Activity: Omit the images, then output each of the records below exactly.

Records from a data collection:
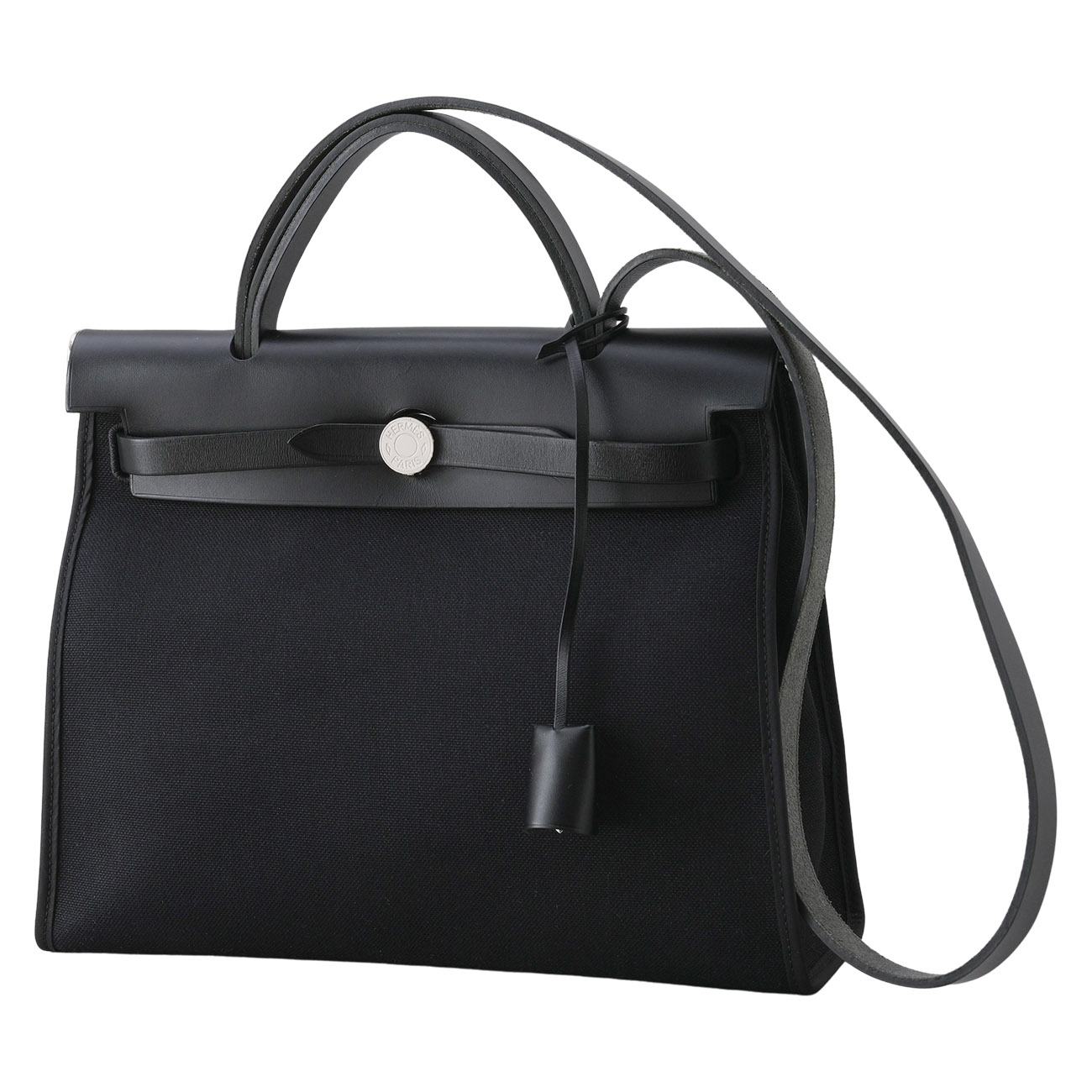 HERMES(USED)에르메스 에르백 31 아웃스티치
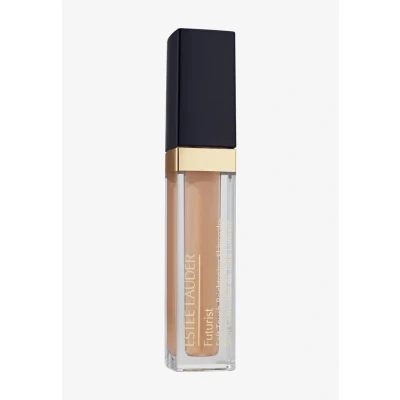 Image de ESTÉE Lauder Futurist SOFT Touch Brightening Skincealer Correcteur, Femme, Taille: 6 ml, 3c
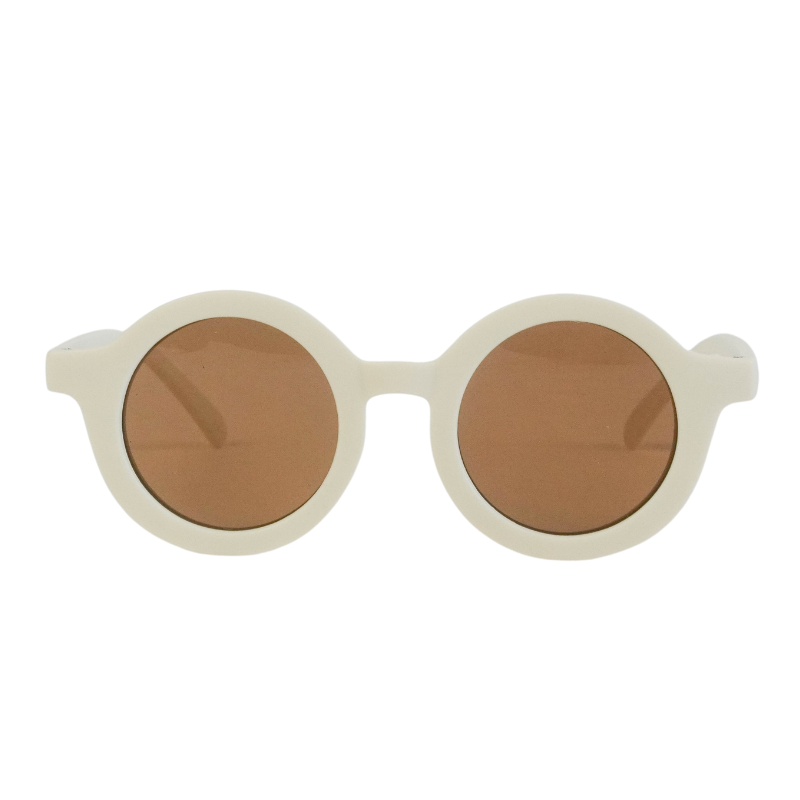 Kiddo Sunglasses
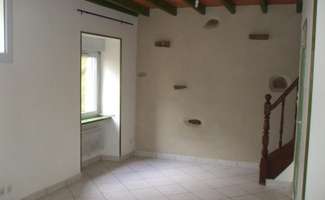 Photo Location maison La Boissière-de-Montaigu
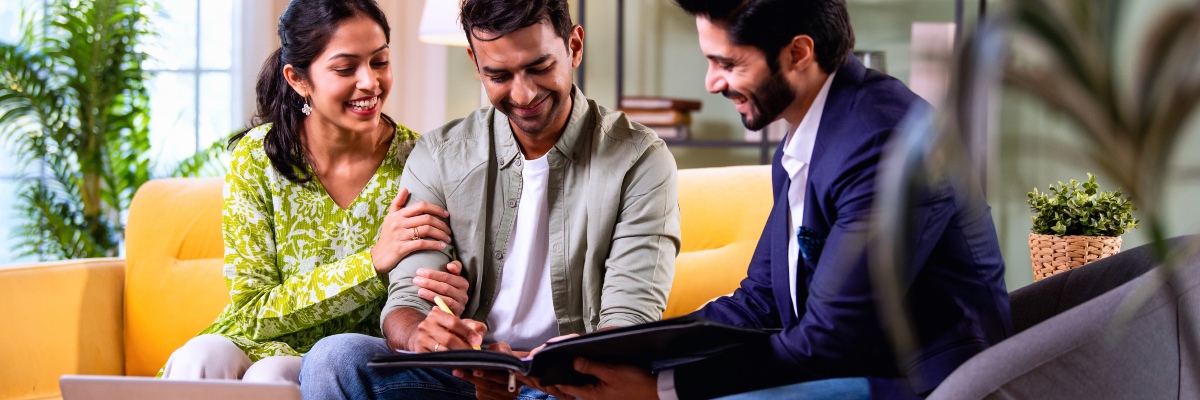 Thornton Jones Solicitors - Who can be an Executor of a Will - Banner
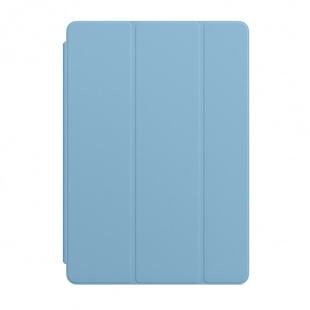 Обложка Smart Cover для iPad mini (5‑го поколения), цвет «синие сумерки»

The completed task:
 HERMES(USED)에르메스 에르백 31 아웃스티치
 Image de ESTÉE Lauder Futurist SOFT Touch Brightening Skincealer Correcteur, Femme, Taille: 6 ml, 3c
 Kiddo Sunglasses
 Photo Location maison La Boissière-de-Montaigu
 Thornton Jones Solicitors - Who can be an Executor of a Will - Banner
 Обложка Smart Cover для iPad mini (5‑го поколения), цвет «синие сумерки»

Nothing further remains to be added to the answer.